わかりにくいことがここで起きている。私は彼らの行動を告げ、それからマリーのプレイヤーにマリーが何をするのか尋ねるようにしてきたが、彼女は私から先制権を奪い取ったのだ。重要な処理では無く、私たちは相変わらず、双方共順々にムーヴを行ってい続けている。ちょっと注意しておく価値はあるだろう。


「素晴らしい」と私は言う。「ワッコフは後ろから君を掴むと彼から引き離す。が、プロヴァーは彼女に飛びかかる。彼は彼女の顔を殴りつけ、彼女はたじろぐ(言及してこなかったけどワッコフは女性なんだ)。悪態をつく感じかな? 君のプロヴァーへの〈影響〉はこれで使い果たされたんだよね?」
「うん」と彼女のプレイヤーは言う。「それでいいよ。彼のチェーンソーを拾い上げ、彼ら二人を切り刻むよ」
恐れいった。すごいもんだ。
「それは《力ずくで奪取する》ことだろうね。彼らの、えーっと、肉を。ロールしてくれ」と私は言う。
私はこれらのNPCを救うことに全く興味がない。少しもだ。彼らを照準機越しに見て、彼らが好きだけれども、彼らを無事では済ませない。


彼女はロール+ハードで7-9を出す。「私が負わせることになる損害はどれぐらい?」と彼女は言う。彼女は《力ずく奪取する》の選択肢を選ばなくてはならず、まずは何がどうなっているのか知ることを望むというわけだ。
「チェーンソーを使ってだよね? 3損害だね。乱雑だから、一人でも二人共にでも攻撃できるだろう。彼らは防具を着ている、けどまあ、1防護だね」
「じゃあ私が被るのは・・・?」
「そうだね、プロヴァーからはないな。君は彼から攻撃するだろうし、チェーンソーを落としてからは、どっちみち武器を持ってないからね。ワッコフはまだハンドガンを持っている。9mm相当だから、彼女からは2損害だ」
「構わない。[ひどい損害を加える]と[敵に感銘を与えるか、狼狽させるか、怯えさせる]を選ぶよ」
「じゃそれで」と私は言う。チェーンソーから3損害、ひどい損害で+1損害、彼らの防具で-1損害なので、合計3損害だ。「彼ら二人は既に1損害を受けているから、あと2損害で目的を果たせるだろう。

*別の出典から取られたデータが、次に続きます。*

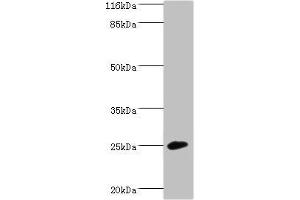Western blot All lanes: CALN1 antibody at 2 μg/mL + Mouse brain tissue Secondary Goat polyclonal to rabbit IgG at 1/10000 dilution Predicted band size: 25, 30 kDa Observed band size: 25 kDa (Calneuron 1 Antikörper  (AA 1-192))
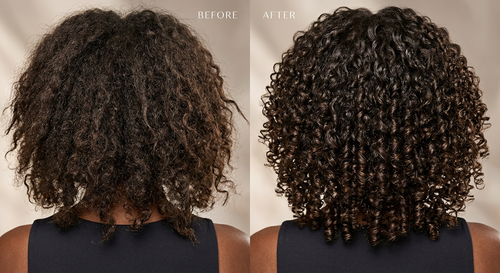 Eden Hair Restoration System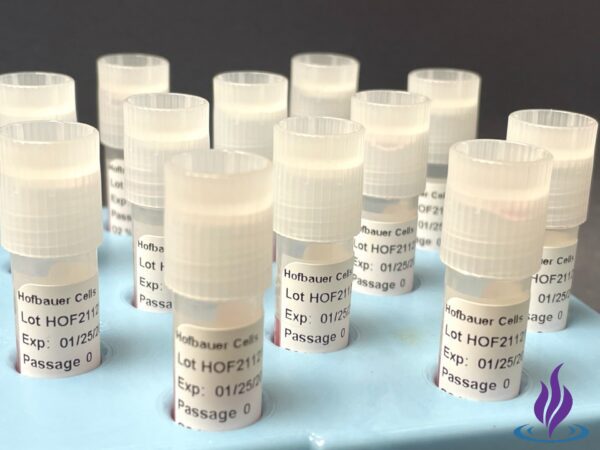Hofbauer Cells (Macrophages)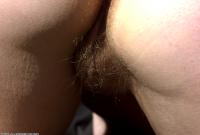 ATK hairy  in mature and hairy
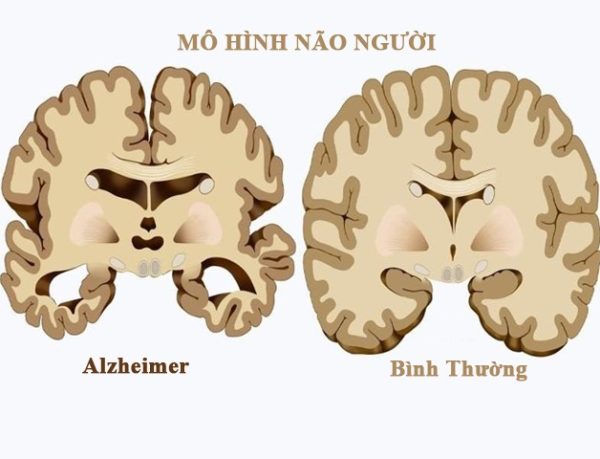 Những đối tượng có thể bị alzheimer và cách phòng ngừa bệnh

君はプロヴァーの肋骨から背骨にかけてを切り裂く・・・」私は手を使って自分の胸に線を描き、反対側の腕の根元からみぞおちにかけてを示す。「このようにして彼は死ぬ。ワッコフはプロヴァーの腕の下から直接あなたを撃つ。《損害時のムーヴ》をやってくれ。2損害マイナス1損害だから、ロール+1だ」


彼女はロールでミスを出す。ロール+損害でミスするのは、PCにとって良いことなのを思い出して欲しい。私は、1損害を負わせるか、さもなくば損害時のムーヴの7-9リストから何かを選択するかを決める機会を得る。私は、彼女が掴んでいるものを離すという選択を行う。
「損害を書き込まなくてもいいよ」と私は言う。「代わりに、君がプロヴァーの肋骨からチェーンソーを引き抜こうとしているところで彼女が撃ってきたから、野球用のボールを胸に投げあてられたように感じた君は、持っていたものを離してしまう。プロヴァーの死体はチェーンソーが突き挟まった崩れ落ちる」私は【彼女の持ち物を奪う】。「どうする?」
「彼女の腕を引っ掴んで・・・」
「侵入用グローブで皮膚に触れようとするんだね?」私は、マリーが《危地で行動する》ことだと言いそうになるが、ギリギリのところでワッコフが[感銘を受け、狼狽し、怯えていた]ことを思い出す。「彼女は茫然とプロヴァーを見下ろすのみで、流血に塗れ、考えることすらできないようだ」と私は言う。
「おやまあ、じゃあ代わりに、彼女の顔に手を置くだけにしとく。とても優しげにね。《人形使いの繰り紐》を行うよ。『ワッコフ、眠りなさい』」彼女はロール+ウィアードを行うが、ダイスからは3しか得られず、彼女のウィアード+3を持ってしてもミスとなる。
「そのムーヴでミスしたら何が起こるんだっけ?」と私は言う。彼女はプレイブックを開いて覗き込む。
「無益な1損害を負わせる、とあるよ」


「それはワッコフに2損害目を与えるね」と私は言う。NPCにとって、2損害は通常致命的なもので、時には直ちに命に関わる。そして私は照準機越ごしに見る。「彼女はひどく不運にも脳卒中を起こす。君が触れたのは顔の左側だよね? だから、彼女の脳の左側でそれが起きたようだ。彼女の体の右側は力を失って崩れ落ちる。完全に、そして突然に。彼女は倒れる。プロヴァーの血がベットリとまとわりつく。彼女は話すことができないが怯えているように見える。顔の左側は怖くて堪らない形相だ。もし君が助けようとするなら、10分は生き延びられるだろうね。さもなくば死ぬよ」私は【起こりうる成り行きを告げ、尋ねている】。
「死なせてやるよ」
よしよし。プロヴァーを抹消、ワッコフを抹消、っと。キーラーのプレイヤーはしかめっ面をして頭を振っている。彼らは二人とも、彼女のギャング・メンバーだったからだ。
「チャーチ・ヘッドについてはどうする?」と私は言う。